Home News Center Meet the Members: Just City (TN) and the Maine Juvenile Justice Reform Work Group

Meet the Members: Just City (TN) and the Maine Juvenile Justice Reform Work Group

May 31, 2016
Zoe Schein


NJJN is thrilled to introduce its two newest organizational members: Just City  Memphis and the Maine Juvenile Justice Reform Work Group

Just City was created in response to the need for a strong, independent voice to advocate on behalf of children, families, and individuals who have been in contact with the criminal justice system.

“When Just City was founded, I was working at the public defender’s office in Shelby County,” said Josh Spickler, executive director of Just City, “and we had really started, for the first time, to try to get out into the community to try and get the message out about the work we were doing in that office—which isn’t something that public defender’s offices do much of. At the same time, the public defender’s office had been given funding to create a juvenile defender unit as a result of a pretty damning report by the Department of Justice about our juvenile court system. So while we were doing more in the communities than is common for a public defender’s office, what we really saw was the need for an independent voice—free of restrictions like those imposed on government offices—to work with communities to advocate for more progressive, smarter approaches to youth justice.”

Just City’s work is organized around three pillars of action: serve, reform, and advocate. “The service so far has been mostly around expungement,” said Spickler. “There’s a $450 fee to get a record expunged, which is prohibitive for so many people. We applied for a local foundation grant to start paying for those fees. We’ve been able to fund about 70 expungements so far. We work with the Public Defender to find folks who qualify, and then we take care of the fee—which is something we couldn’t have done as a government agency. We’re also opening two bail funds, one in Memphis and one in Nashville. It will start small—maybe 50 folks per year, but we’re hoping that will help generate data and draw attention to stories of inequity in the bail system.”

“On the reform side, we’re wading into legislative advocacy. This year we tried to get that fee for expungement lowered. It didn’t go through, but it got much farther than we expected for our first year of advocacy—and we’re definitely going to try again. As we grow, the kinds of legislative reforms we’re able to pursue will expand as well.”

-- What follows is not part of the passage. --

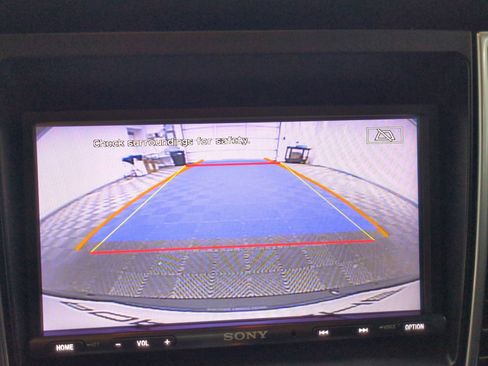 Used 2015 Porsche Panamera 4 image 15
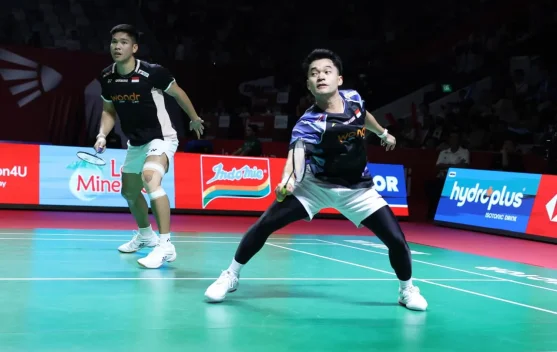 Leo Rolly Carnando dan Daniel Marthin usai kalah di babak 32 besar Indonesia Open 2026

“As for advocacy, it’s really about affecting the narrative. We want to be a credible voice, as often as we can, in the media and the community, for a better way of doing things. It can be as simple as answering the phone if a reporter calls, or pitching a story—we have a number of stories coming out soon about what’s happening in Memphis, and we hope that that exposure will help to support the other work we’re doing, and help lead to meaningful reform.”

“We’re excited to be a part of NJJN,” said Spickler. “We work closely with the Public Defender in Shelby County, and our hope is that NJJN can be a bridge between us, those hardworking lawyers, and the rest of the advocacy world. We see it as an opportunity to be part of the larger movement, and to connect our communities and local public defenders to the advocacy work that’s out there.”

 

The Maine Juvenile Justice Reform Work Group is a core group of juvenile justice professionals and advocates working in Maine to reduce inappropriate detention and confinement and increase fairness in the state’s juvenile justice system.

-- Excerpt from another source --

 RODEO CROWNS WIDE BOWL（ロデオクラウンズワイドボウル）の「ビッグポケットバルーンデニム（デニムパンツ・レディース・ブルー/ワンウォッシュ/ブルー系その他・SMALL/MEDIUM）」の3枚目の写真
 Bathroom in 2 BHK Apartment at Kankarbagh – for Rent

Using a consensus approach, the Work Group identifies youth justice reform policies and works with key stakeholders, including agency officials and the legislature to address those issues.  Most recently, the Work Group advocated for a policy to ban the indiscriminate use of shackling in juvenile court and, as a result of this effort, in October 2015, Maine’s Judiciary adopted a Judicial Rule to ban the indiscriminate shackling of juveniles in court.  The Work Group is also promoting the use of restorative justice practices as a diversion strategy for youth in contact with the justice system and supports efforts being undertaken by the Maine Juvenile Justice Advisory Group and others to develop a comprehensive network of restorative programs.

Currently, the Work Group is examining the collateral consequences of juvenile justice system involvement in anticipation of possible changes to the juvenile records code in the upcoming state legislative session.  As part of this effort, the Work Group is collaborating with the Muskie Institute of Public Policy at the University of Southern Maine on a report to document the potential impact of a juvenile record on youth transitioning out of the juvenile justice system.

Ned Chester, the group’s co-chair, said, “Work Group members are excited about being a part of NJJN and look forward to working collaboratively with organizations and coalitions across the country to share ideas and information to improve our state juvenile justice systems.”